How to find a checksum of the same checksum? (job-interview question)

2022-12-25 10:06 问答作者：

Devise a simple algorithm which creates a file which contains nothing but its own chec开发者_Go百科ksum.

Let's say it is CRC-32, so this file must be 4 bytes long.

There might be some smart mathematical way of finding it out (or proving that none exists), if you know how the algorithm works.

But since I'm lazy and CRC32 has only 2^32 values, I would brute force it. While waiting for the algorithm to go through all 2^32 values, I would use Google and Stack Overflow to find whether somebody has a solution to it.
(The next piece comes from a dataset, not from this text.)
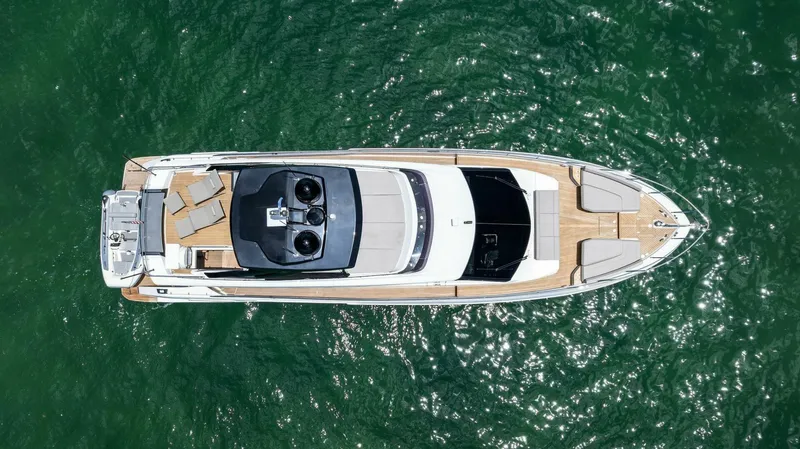 Slide: The Image of Ferretti 670 2023 - 18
In case of SHA-1, MD5 and other more-or-less cryptographically secure algorithms, I would get intimidated by the mathematicians who designed those algorithms and just give up.

EDIT 1: Brute forcing... This far I've found one; CC4FBB6A in big-endian encoding. There might still be more. I'm checking 4 different encodings: ASCII uppercase and lowercase, and binary big-endian and little-endian.
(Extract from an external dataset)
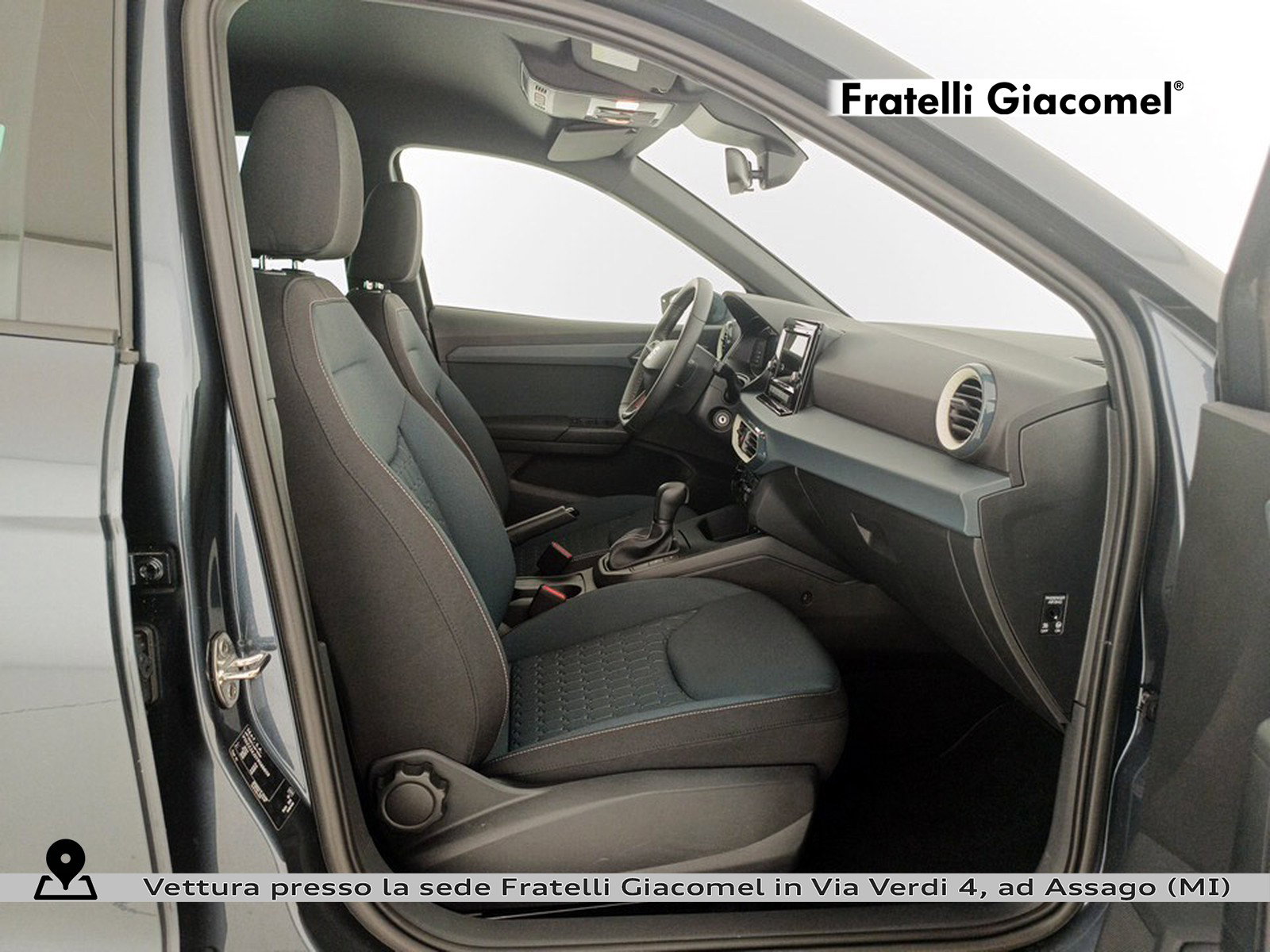 https://cdn-giacomel.caraffinity.it/fratelligiacomel/wrap360/large/83/+2026+07+06+V099625_6a4bc45c5ccf6.jpg/370fe40c6c27489ef10cc512af1879d5.jpg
EDIT 2: Brute force done. Here are the results:

CC4FBB6A (big-endian)
FFFFFFFF (big-endian & little-endian)
32F3B737 (uppercase ASCII)

The code is here. On my overclocked C2Q6600 that takes about 1.5 hours to run. Now that program is single-threaded, but it would be easy to make it multi-threaded, which would give a nice linear scalability.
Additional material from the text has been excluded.